## Working data:
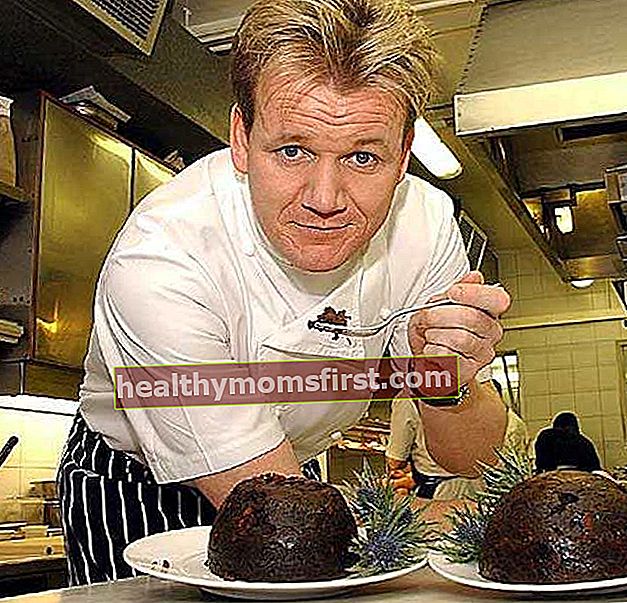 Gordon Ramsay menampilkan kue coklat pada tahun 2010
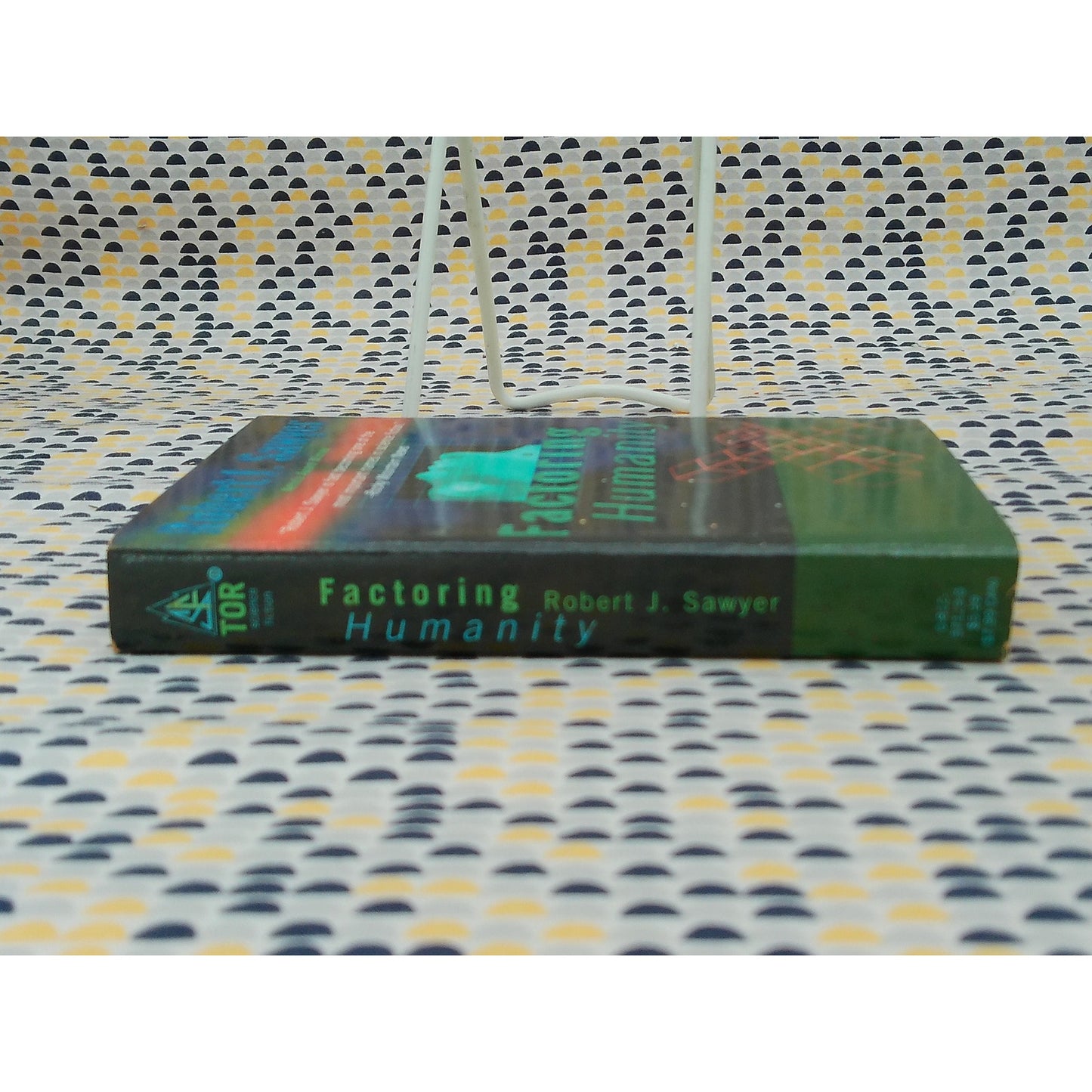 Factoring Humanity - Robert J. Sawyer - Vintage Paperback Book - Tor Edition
* * *
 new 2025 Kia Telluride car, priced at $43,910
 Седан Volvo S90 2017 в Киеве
==
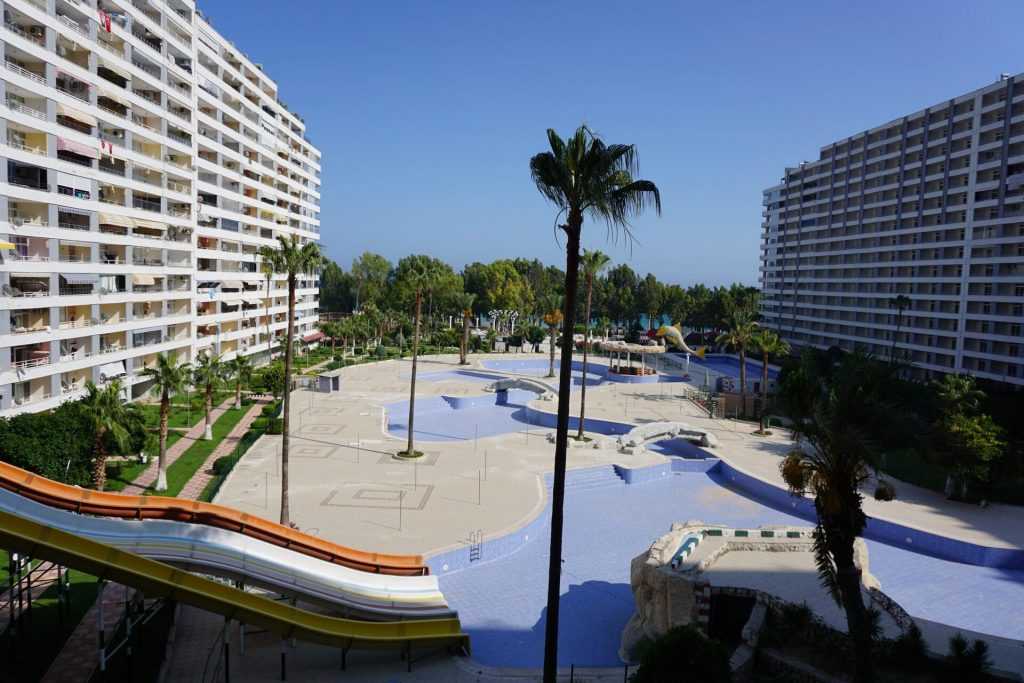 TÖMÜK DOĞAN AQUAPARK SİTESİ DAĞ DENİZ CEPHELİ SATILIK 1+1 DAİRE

## Work required:
As the answer, set down only the lines from the data above between the one holding "new 2025 Kia" and the one holding "Седан Volvo S90 2017 в Киеве", inclusive, exactly as they read.

## Written response:
 new 2025 Kia Telluride car, priced at $43,910
 Седан Volvo S90 2017 в Киеве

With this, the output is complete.